How does a newspaper that fought this occupation every step of the way, insisting on a full pullout of foreign troops months ago, reconcile that position with images of Iraqi-Americans loading up into vans, driving 1200 miles in the wintertime, just to register to vote?
That's right, it's just to register, they have to make the same trip to Irvine, California (or a small number of alternate sites elsewhere around the world) on election day to actually cast a ballot!
How many of us would do the same to protect our freedom? Truly inspirational. Let's wish our Iraqi friends a safe journey.

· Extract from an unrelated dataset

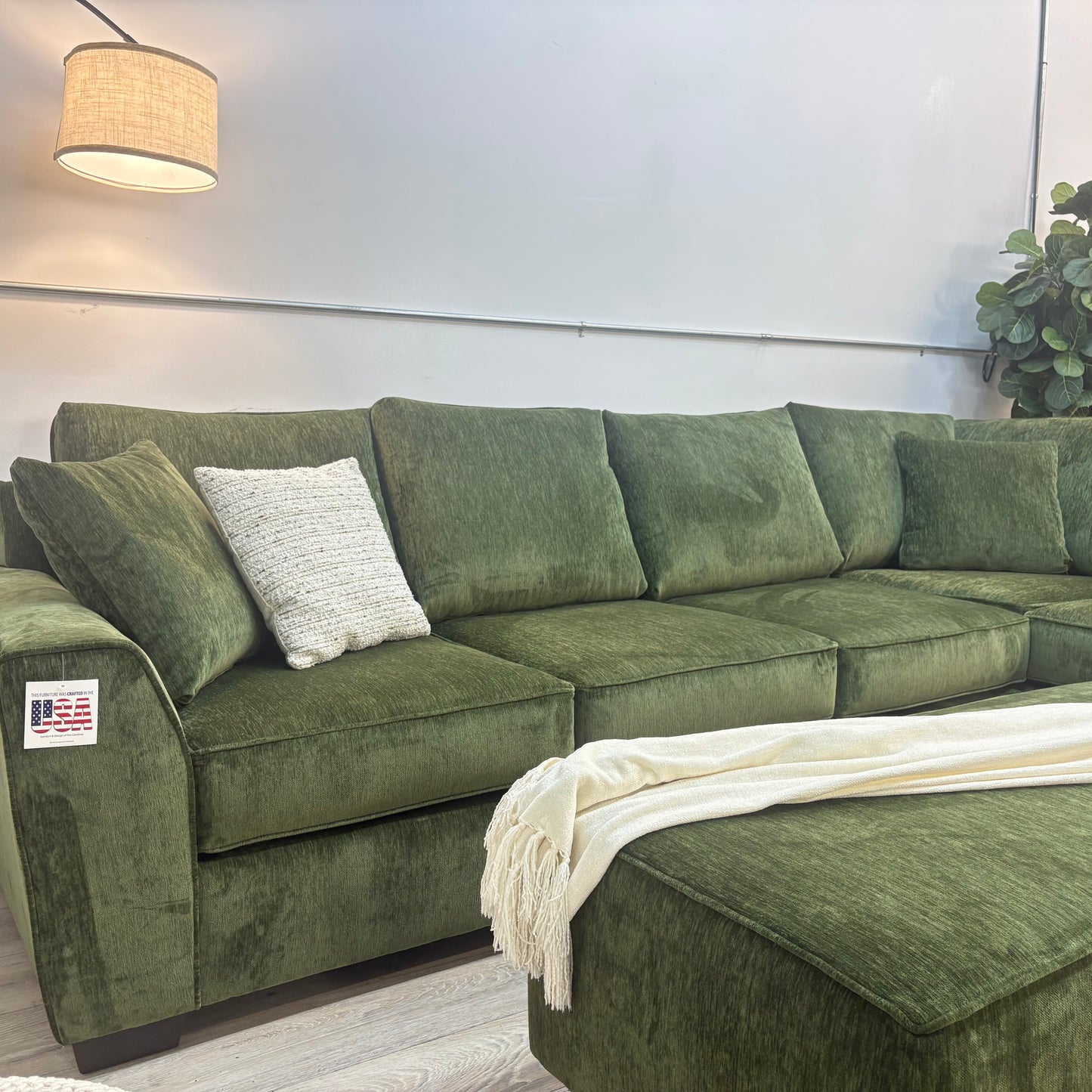 Olive Green Performance Fabric Sectional with Ottoman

Faris Al-Sheblawy piled into a van bound for Los Angeles yesterday with his family -- his brothers, his wife, his 4-month-old daughter and in-laws -- a portable DVD player and 50 movies.
The 2,400-mile round trip from Seattle was hardly a vacation. Sometime this morning, the entourage and more than 125 other Iraqi émigrés living in the region will register to vote in the upcoming Iraq elections.
"We have to go. Our leader says we have to go vote," said Al-Sheblawy, referring to Grand Ayatollah Ali al-Sistani, Iraq's most revered Shiite Muslim cleric. "If not, you better have a good reason when you die."
Not all Iraqi expatriates link voting to heavenly rewards, but their message was clear: No matter the difficulty in participating in Iraq's historic election, they were compelled to make the effort.
For Iraqis in the Seattle area, the journey toward democracy will require a 36-hour round trip, not counting gas and bathroom breaks, just to register to vote. They will repeat the trip to cast votes when polls open Jan. 28-30.
"It's a piece of cake," said Abdullah Al-Emara before boarding one of 15 vans leaving Seattle yesterday outside a mosque in White Center. "For 26 million Iraqis' freedom, it's priceless. It's a gift from God."